Stored entries:
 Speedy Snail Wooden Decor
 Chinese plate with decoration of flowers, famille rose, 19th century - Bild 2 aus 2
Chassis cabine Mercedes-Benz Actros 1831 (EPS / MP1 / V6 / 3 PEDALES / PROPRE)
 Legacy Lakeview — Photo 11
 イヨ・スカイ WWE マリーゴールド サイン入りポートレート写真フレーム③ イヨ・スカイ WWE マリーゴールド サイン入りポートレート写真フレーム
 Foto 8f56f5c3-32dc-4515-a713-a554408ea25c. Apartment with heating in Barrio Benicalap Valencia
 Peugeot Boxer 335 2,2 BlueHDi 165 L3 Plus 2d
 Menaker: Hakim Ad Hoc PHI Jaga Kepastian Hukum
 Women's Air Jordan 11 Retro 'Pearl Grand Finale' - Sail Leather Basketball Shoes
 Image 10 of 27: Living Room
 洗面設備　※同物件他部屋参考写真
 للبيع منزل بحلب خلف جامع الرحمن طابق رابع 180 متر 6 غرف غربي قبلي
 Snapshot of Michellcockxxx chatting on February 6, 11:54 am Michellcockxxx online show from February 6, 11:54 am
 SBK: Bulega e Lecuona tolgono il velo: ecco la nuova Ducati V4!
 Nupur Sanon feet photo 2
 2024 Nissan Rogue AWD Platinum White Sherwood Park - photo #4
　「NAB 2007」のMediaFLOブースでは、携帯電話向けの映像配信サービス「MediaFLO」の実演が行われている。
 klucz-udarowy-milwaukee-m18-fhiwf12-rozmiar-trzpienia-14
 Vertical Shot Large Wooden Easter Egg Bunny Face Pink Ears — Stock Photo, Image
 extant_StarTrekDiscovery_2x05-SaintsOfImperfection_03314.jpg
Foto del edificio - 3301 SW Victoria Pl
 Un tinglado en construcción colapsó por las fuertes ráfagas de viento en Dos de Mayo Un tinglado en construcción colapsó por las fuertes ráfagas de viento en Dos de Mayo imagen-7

The task: Nothing is to be altered; retype each entry exactly.

Completed exercise:
 Speedy Snail Wooden Decor
 Chinese plate with decoration of flowers, famille rose, 19th century - Bild 2 aus 2
Chassis cabine Mercedes-Benz Actros 1831 (EPS / MP1 / V6 / 3 PEDALES / PROPRE)
 Legacy Lakeview — Photo 11
 イヨ・スカイ WWE マリーゴールド サイン入りポートレート写真フレーム③ イヨ・スカイ WWE マリーゴールド サイン入りポートレート写真フレーム
 Foto 8f56f5c3-32dc-4515-a713-a554408ea25c. Apartment with heating in Barrio Benicalap Valencia
 Peugeot Boxer 335 2,2 BlueHDi 165 L3 Plus 2d
 Menaker: Hakim Ad Hoc PHI Jaga Kepastian Hukum
 Women's Air Jordan 11 Retro 'Pearl Grand Finale' - Sail Leather Basketball Shoes
 Image 10 of 27: Living Room
 洗面設備　※同物件他部屋参考写真
 للبيع منزل بحلب خلف جامع الرحمن طابق رابع 180 متر 6 غرف غربي قبلي
 Snapshot of Michellcockxxx chatting on February 6, 11:54 am Michellcockxxx online show from February 6, 11:54 am
 SBK: Bulega e Lecuona tolgono il velo: ecco la nuova Ducati V4!
 Nupur Sanon feet photo 2
 2024 Nissan Rogue AWD Platinum White Sherwood Park - photo #4
　「NAB 2007」のMediaFLOブースでは、携帯電話向けの映像配信サービス「MediaFLO」の実演が行われている。
 klucz-udarowy-milwaukee-m18-fhiwf12-rozmiar-trzpienia-14
 Vertical Shot Large Wooden Easter Egg Bunny Face Pink Ears — Stock Photo, Image
 extant_StarTrekDiscovery_2x05-SaintsOfImperfection_03314.jpg
Foto del edificio - 3301 SW Victoria Pl
 Un tinglado en construcción colapsó por las fuertes ráfagas de viento en Dos de Mayo Un tinglado en construcción colapsó por las fuertes ráfagas de viento en Dos de Mayo imagen-7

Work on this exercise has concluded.